● **Problem to work on**
Line by line, return the listing exactly, without any of the images.

● **Available data**
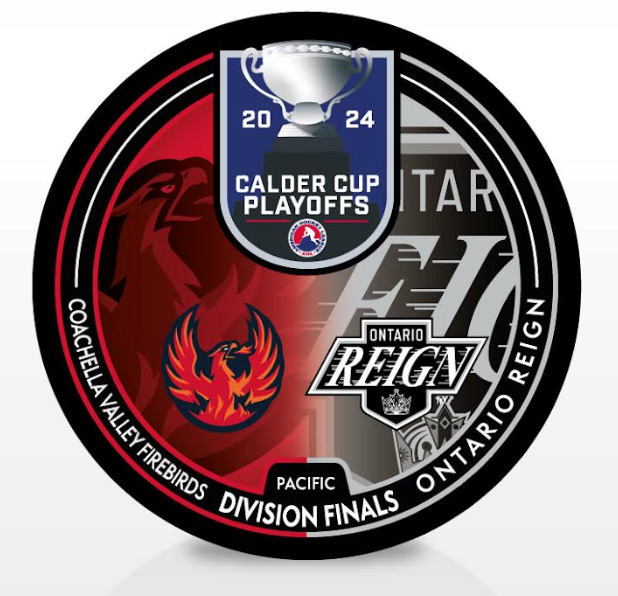 Coachella Valley Firebirds vs Ontario Reign 2024 Calder Cup Playoffs Dueling Souvenir Puck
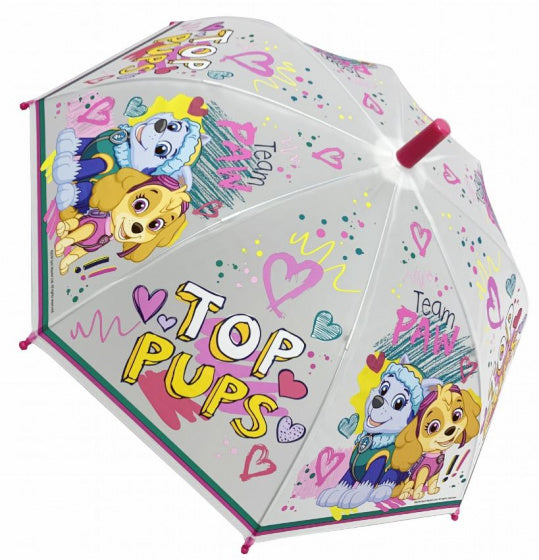 paraplu Paw Patrol meisjes 38 cm polyester wit
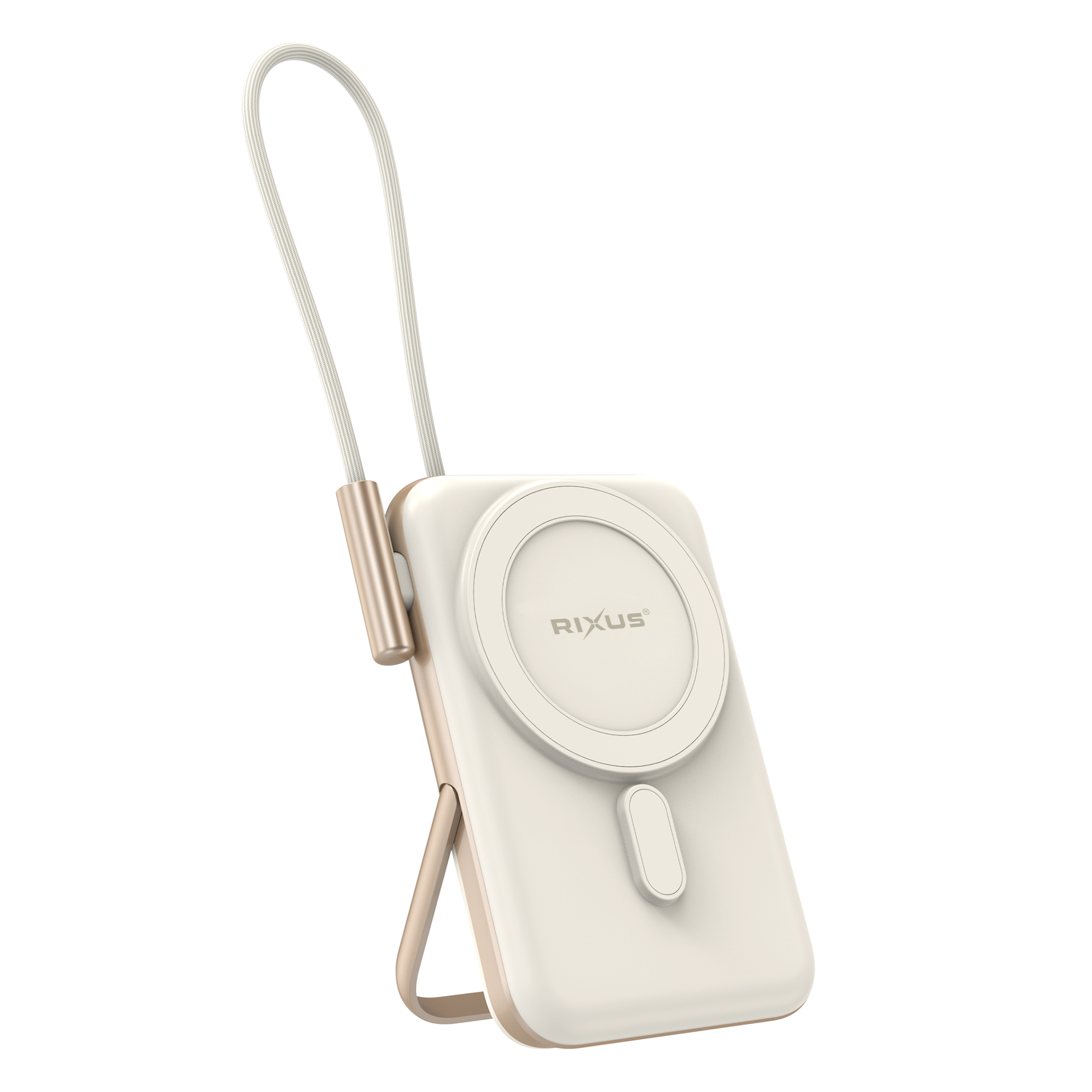Rixus RXPB29 Batterie externe magnétique 10 000 mAh avec câble USB-C intégré, couleur or rose
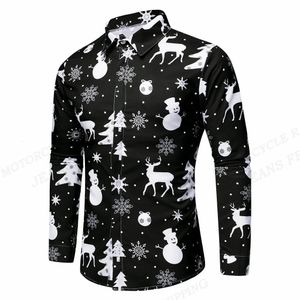 Snowflake Hawaiian Shirts Reindeer Shirts Men Fashion Shirt Snowman Long Sleeve Beach Blus Man Camisas Herrkläder 240428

● **Result below**
 Coachella Valley Firebirds vs Ontario Reign 2024 Calder Cup Playoffs Dueling Souvenir Puck
 paraplu Paw Patrol meisjes 38 cm polyester wit
Rixus RXPB29 Batterie externe magnétique 10 000 mAh avec câble USB-C intégré, couleur or rose
 Snowflake Hawaiian Shirts Reindeer Shirts Men Fashion Shirt Snowman Long Sleeve Beach Blus Man Camisas Herrkläder 240428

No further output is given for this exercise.